Ces conclusions, je les énonce de façon abrupte.
Je dirai d'abord qu'il n'est de désir que du Père. Tout désir, est désir du Père.
Pourquoi tout désir porte-t-il sur le Père ? Parce qu'il n'est de désir que de ne plus avoir à désirer. Or ce nom de Père signifie l'absence de désir. Etre dans le Père ou avoir le Père en soi, aller au Père, ou revenir à ses pères, c'est la fin à tous les sens de ce mot, à la fois l'achèvement et le but du désir. S'il n'est de désir que du Père, c'est que nous désirons de n'avoir plus à désirer, d'être dans le Père ou d'avoir le Père en nous.
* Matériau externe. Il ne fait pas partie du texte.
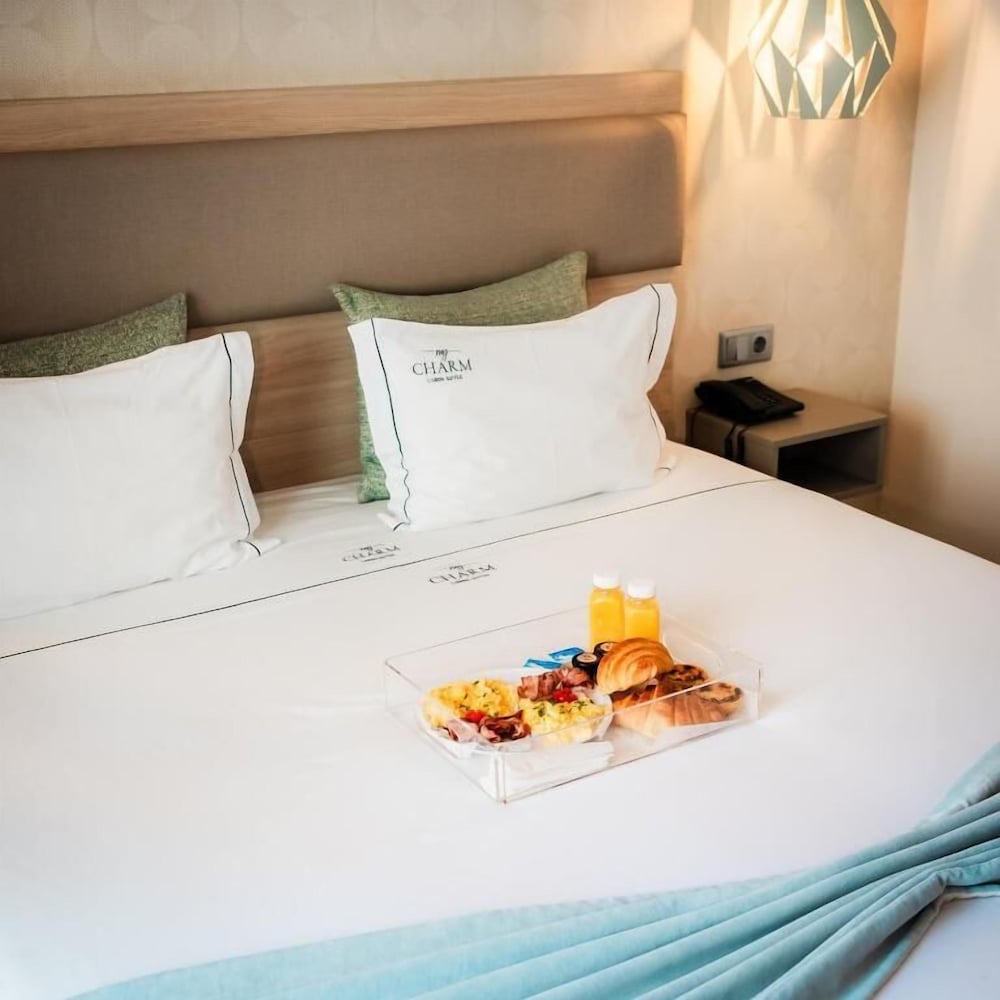 Hotel My Charm Lisbon Suites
Vous voyez le procédé. Sous le terme Père qui est un substantif, je mets un verbe. Père, c'est le terme qui exprime quelque chose qui a rapport avec notre désir : le terme de Père en désigne la fin.
Je suppose qu'ici Jésus traite du désir que nous avons du Père, du désir que nous avons de ne plus avoir à désirer, du désir que nous avons d'être dans le Père ou que le Père soit en nous.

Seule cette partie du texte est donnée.